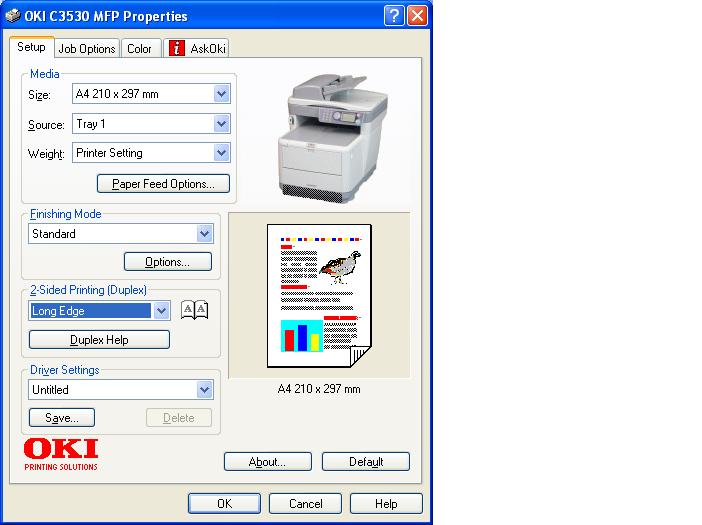 Εκτύπωση διπλής όψης (μόνο σε Windows) Για να εκτυπώσετε σε διπλή όψη ή με χειροκίνητο αμφίπλευρο τρόπο πρέπει να περάσετε το χαρτί δύο φορές από τον εκτυπωτή.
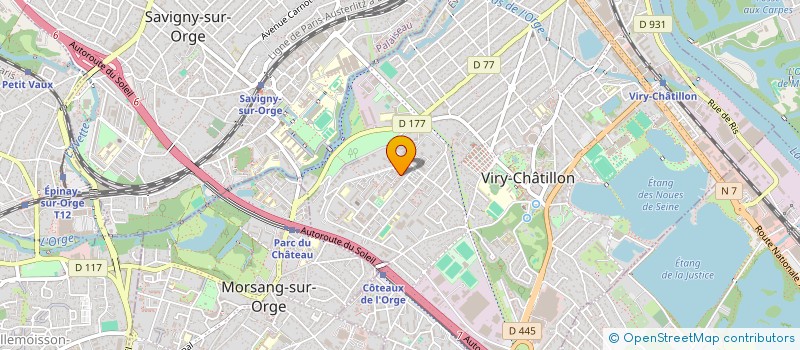 localisation de l'entreprise MONSIEUR JULIEN ROYER à VIRY-CHATILLON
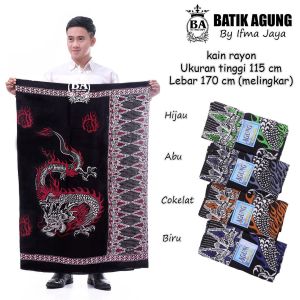 Sarung Batik Kain Goyor ukuran 115 x 170 By Galeri Tuan cocok untuk wanita remaja dan dewasa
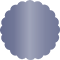 Blue Print Scallop Circle Card 3 1/2 Inch - 25/Pk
=====
### What is required
Exact repetition is the task: every line from the start of the data to the line with "localisation de l'entreprise", inclusive, and none after it, pictures omitted.

### Final answer
 Εκτύπωση διπλής όψης (μόνο σε Windows) Για να εκτυπώσετε σε διπλή όψη ή με χειροκίνητο αμφίπλευρο τρόπο πρέπει να περάσετε το χαρτί δύο φορές από τον εκτυπωτή.
 localisation de l'entreprise MONSIEUR JULIEN ROYER à VIRY-CHATILLON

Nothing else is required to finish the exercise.